Type 2 Diabetes Associated Changes in the Plasma Non-Esterified Fatty Acids, Oxylipins and Endocannabinoids
Type 2 diabetes has profound effects on metabolism that can be detected in plasma. While increases in circulating non-esterified fatty acids (NEFA) are well-described in diabetes, effects on signaling lipids have received little attention. Oxylipins and endocannabinoids are classes of bioactive fatty acid metabolites with many structural members that influence insulin signaling, adipose function and inflammation through autocrine, paracrine and endocrine mechanisms. To link diabetes-associated changes in plasma NEFA and signaling lipids, we quantitatively targeted >150 plasma lipidome components in age- and body mass index-matched, overweight to obese, non-diabetic (n = 12) and type 2 diabetic (n = 43) African-American women. Diabetes related NEFA patterns indicated ∼60% increase in steroyl-CoA desaturase activity and ∼40% decrease in very long chain polyunsaturated fatty acid chain shortening, patterns previously associated with the development of nonalcoholic fatty liver disease.

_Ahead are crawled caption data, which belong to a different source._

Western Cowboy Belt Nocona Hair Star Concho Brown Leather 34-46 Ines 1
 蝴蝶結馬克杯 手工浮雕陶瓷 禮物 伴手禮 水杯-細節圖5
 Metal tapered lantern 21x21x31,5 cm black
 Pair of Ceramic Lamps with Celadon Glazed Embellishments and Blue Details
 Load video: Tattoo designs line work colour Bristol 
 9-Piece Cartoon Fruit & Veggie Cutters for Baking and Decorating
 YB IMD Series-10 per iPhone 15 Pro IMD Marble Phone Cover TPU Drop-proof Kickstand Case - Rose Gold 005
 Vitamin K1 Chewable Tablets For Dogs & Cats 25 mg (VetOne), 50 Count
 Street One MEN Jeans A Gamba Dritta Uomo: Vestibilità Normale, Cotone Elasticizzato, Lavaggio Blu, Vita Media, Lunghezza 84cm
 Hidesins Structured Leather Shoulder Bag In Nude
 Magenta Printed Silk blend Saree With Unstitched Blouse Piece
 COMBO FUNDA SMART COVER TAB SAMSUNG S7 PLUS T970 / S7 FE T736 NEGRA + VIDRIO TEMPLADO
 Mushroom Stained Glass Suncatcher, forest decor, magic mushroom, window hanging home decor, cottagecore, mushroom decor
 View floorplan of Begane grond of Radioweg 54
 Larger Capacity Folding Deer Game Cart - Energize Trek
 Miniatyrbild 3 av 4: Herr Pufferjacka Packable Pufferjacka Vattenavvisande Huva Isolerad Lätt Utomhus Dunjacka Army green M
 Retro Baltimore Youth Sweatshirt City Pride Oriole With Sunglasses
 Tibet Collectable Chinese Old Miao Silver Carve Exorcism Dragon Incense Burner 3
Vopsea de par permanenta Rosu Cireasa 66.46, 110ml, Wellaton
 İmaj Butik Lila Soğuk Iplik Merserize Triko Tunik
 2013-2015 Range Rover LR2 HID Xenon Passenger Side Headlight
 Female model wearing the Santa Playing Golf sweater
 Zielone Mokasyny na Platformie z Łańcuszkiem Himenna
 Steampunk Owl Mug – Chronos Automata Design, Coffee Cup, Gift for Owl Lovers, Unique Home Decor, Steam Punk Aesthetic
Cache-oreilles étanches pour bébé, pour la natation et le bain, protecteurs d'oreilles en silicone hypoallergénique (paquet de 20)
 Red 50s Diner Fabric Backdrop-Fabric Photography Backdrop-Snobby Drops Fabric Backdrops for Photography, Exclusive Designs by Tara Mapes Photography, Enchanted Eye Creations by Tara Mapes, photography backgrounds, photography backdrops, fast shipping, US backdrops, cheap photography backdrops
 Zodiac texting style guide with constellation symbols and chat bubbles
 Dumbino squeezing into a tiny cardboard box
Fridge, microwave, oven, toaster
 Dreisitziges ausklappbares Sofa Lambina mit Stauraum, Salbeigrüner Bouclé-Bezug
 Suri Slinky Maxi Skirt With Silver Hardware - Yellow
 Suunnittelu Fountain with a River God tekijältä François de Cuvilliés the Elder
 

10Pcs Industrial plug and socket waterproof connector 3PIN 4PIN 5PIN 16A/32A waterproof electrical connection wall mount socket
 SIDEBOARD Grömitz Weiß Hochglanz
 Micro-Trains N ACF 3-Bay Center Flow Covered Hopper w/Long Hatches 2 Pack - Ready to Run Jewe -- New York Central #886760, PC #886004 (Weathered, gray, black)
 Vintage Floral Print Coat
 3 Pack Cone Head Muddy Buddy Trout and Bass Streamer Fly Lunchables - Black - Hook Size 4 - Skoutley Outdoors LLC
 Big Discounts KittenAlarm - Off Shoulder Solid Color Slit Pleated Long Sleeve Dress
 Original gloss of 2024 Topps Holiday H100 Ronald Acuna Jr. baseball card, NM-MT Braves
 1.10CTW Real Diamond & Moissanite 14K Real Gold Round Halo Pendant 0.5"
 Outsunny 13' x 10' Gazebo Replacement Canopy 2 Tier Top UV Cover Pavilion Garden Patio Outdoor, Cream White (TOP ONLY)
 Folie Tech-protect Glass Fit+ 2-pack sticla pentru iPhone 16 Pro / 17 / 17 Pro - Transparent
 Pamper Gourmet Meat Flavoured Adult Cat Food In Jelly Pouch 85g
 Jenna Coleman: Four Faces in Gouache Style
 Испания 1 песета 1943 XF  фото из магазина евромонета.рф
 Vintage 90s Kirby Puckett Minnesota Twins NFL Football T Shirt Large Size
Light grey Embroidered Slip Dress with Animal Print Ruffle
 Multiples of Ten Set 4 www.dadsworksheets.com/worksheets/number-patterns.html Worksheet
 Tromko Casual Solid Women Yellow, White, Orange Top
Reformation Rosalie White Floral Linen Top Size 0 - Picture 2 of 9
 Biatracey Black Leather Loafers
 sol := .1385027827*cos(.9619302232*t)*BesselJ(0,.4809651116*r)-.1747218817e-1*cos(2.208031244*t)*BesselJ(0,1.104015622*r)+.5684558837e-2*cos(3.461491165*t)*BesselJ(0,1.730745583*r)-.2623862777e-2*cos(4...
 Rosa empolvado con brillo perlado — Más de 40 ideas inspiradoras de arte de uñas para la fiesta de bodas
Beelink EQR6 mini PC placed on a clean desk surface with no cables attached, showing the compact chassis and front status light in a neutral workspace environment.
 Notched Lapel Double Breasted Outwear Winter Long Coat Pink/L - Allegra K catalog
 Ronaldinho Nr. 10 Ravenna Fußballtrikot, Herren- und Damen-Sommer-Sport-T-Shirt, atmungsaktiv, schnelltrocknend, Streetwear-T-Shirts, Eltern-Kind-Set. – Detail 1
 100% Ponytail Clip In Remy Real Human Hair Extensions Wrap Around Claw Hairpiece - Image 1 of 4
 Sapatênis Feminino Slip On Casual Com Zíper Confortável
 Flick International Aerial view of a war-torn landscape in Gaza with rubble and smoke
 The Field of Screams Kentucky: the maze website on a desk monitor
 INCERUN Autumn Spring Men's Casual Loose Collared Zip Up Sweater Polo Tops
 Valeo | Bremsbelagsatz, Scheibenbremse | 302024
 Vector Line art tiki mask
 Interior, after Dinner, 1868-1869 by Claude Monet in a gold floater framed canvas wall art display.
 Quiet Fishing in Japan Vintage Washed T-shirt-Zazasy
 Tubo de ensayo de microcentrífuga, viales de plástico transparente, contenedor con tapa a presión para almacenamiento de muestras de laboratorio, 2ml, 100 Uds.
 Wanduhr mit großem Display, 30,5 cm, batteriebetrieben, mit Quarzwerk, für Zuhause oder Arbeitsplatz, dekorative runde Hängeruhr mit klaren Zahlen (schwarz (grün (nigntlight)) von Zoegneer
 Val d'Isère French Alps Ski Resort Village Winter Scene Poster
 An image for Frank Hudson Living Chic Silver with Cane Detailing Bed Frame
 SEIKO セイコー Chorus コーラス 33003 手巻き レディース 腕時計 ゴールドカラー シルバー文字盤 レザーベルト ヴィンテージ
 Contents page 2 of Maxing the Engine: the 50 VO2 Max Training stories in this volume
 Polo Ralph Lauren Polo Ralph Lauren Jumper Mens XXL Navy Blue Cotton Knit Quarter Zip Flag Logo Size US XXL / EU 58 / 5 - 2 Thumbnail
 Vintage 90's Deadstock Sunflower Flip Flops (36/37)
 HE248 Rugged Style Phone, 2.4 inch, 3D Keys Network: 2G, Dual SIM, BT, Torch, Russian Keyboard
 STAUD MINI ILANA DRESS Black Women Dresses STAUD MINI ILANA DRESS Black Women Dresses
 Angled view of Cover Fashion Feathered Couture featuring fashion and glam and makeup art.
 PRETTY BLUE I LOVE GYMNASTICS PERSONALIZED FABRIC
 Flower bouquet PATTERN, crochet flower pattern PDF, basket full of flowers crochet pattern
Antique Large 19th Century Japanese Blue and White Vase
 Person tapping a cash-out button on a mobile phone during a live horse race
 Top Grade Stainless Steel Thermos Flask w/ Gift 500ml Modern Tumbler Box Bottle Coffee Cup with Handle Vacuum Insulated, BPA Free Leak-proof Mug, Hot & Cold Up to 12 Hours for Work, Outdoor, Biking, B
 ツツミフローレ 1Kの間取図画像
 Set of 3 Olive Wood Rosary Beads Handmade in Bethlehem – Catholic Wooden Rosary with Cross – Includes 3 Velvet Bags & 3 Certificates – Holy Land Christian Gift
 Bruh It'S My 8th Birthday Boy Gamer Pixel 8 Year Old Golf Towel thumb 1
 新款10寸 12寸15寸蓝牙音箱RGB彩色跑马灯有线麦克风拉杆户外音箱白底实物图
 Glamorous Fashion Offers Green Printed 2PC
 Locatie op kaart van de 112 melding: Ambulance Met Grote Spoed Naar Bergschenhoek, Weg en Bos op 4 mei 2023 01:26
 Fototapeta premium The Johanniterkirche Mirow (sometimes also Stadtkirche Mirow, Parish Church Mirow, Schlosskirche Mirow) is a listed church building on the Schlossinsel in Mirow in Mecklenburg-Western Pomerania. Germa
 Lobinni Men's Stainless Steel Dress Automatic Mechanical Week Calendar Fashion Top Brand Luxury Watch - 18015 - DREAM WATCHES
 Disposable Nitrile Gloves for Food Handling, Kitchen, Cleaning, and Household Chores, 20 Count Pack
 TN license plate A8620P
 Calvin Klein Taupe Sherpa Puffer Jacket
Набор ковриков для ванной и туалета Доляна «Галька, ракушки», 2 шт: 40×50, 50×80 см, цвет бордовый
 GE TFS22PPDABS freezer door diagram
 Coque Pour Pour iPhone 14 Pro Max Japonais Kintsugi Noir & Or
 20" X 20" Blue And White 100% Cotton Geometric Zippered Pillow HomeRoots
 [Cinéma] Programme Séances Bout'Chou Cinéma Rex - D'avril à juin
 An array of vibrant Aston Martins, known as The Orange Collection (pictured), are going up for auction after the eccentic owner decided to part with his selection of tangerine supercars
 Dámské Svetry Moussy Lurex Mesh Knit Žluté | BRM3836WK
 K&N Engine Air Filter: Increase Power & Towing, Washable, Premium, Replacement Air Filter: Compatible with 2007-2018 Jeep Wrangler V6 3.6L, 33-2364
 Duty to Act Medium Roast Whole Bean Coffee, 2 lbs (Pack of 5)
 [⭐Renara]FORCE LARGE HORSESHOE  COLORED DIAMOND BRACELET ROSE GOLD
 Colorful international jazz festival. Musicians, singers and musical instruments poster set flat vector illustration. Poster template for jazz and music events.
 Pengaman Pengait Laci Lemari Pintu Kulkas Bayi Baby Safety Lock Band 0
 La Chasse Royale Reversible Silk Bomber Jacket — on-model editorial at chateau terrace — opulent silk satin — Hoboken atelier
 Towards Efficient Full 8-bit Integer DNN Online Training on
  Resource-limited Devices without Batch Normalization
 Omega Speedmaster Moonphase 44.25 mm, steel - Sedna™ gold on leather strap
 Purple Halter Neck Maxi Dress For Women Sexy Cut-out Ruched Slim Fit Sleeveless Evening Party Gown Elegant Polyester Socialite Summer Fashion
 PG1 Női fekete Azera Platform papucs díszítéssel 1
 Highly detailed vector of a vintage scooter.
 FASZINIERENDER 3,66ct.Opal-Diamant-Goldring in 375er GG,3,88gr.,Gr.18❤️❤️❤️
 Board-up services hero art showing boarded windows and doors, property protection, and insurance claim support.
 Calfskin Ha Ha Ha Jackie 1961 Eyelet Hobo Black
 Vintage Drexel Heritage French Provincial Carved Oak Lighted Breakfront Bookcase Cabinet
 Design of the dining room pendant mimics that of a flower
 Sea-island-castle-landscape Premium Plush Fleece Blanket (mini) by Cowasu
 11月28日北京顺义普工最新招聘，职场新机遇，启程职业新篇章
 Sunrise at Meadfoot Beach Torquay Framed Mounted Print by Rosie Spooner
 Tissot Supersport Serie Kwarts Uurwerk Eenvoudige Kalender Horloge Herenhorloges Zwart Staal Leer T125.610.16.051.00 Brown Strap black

Further, epoxides and ketones of eighteen carbon polyunsaturated fatty acids were elevated >80% in diabetes and strongly correlated with changes in NEFA, consistent with their liberation during adipose lipolysis. Endocannabinoid behavior differed by class with diabetes increasing an array of N-acylethanolamides which were positively correlated with pro-inflammatory 5-lipooxygenase-derived metabolites, while monoacylglycerols were negatively correlated with body mass. These results clearly show that diabetes not only results in an increase in plasma NEFA, but shifts the plasma lipidomic profiles in ways that reflect the biochemical and physiological changes of this pathological state which are independent of obesity associated changes.